This application continuously analyzes a remote access log file to detect bot activity based on a set of simple rules.
The implementation is structured over three main components:
- Downloader: continuously download (with a fixed delay -> sequentially) from this URL. Uses a resumable download approach to only get the latest non downloaded bytes at each task execution.
- Reader: scheduled async task (with a fixed rate -> in parallel) that reads a log line and publishes it in a RabbitMQ queue.
- Analyzer: subscribes to the queue and performs the analysis of incoming requests.
State (log file cursor, recorded hits, and analyzed logs) is maintained in an embedded H2 database. While the downloader is sequential, the reader/analyzer components are designed to run in parallel to be as scalable as possible.
There is a docker compose file that composes the app, and the broker services. Simply run docker-compose up
at the root of the project.
DB console is accessible via http://localhost:8080/h2-console (user=sa/password=)
RabbitMq console is accessible via http://localhost:15672 (user=guest/password=guest)
There is an initial delay of 3 min before the processing starts.

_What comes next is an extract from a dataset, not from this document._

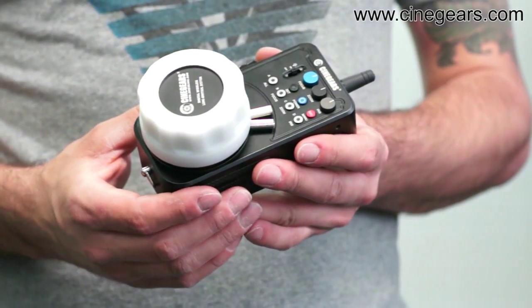Hi guys, my name is James and today we're going to talk about the new Cinegears multi-axis system.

With a reading fixed rate of 10ms, and a scheduler thread pool size of 100, the system should be able to handle 100 analysis per second. However, the constraint of maintaining the log read cursor via a DB pessimistic lock affects the performance, and it gets stuck at around 30 analysis per second (the read tasks need to wait for the cursor lock to be released in order to perform their own select for update). This can assessed by running the system and watching the broker pub/sub rate and the analysis data on the DB. I have made multiple runs of 30 minutes, while observing the pub/sub rate, and the DB cursor position. Results consistently show a total of 51000 log lines analyzed, and a pub/sub rate decreasing from 100 to around 15 msg/s.
Edit: Introduced bulk read/analyze of data (publish RabbitMQ message with chunk size of a 100 log lines, and analyse and insert chunk size of log lines in bulk).
This improved the performance significantly to around 485 analysis per second (873500 lines analyzed in 0.5h).
This was recorded while running the app in Docker on my laptop and watching the value of the file read cursor in the LOG_FILE_CURSOR
table (Cf. http://localhost:8080/h2-console)
- Java
- Spring Boot
- RabbitMQ
- Jooq / H2
- Docker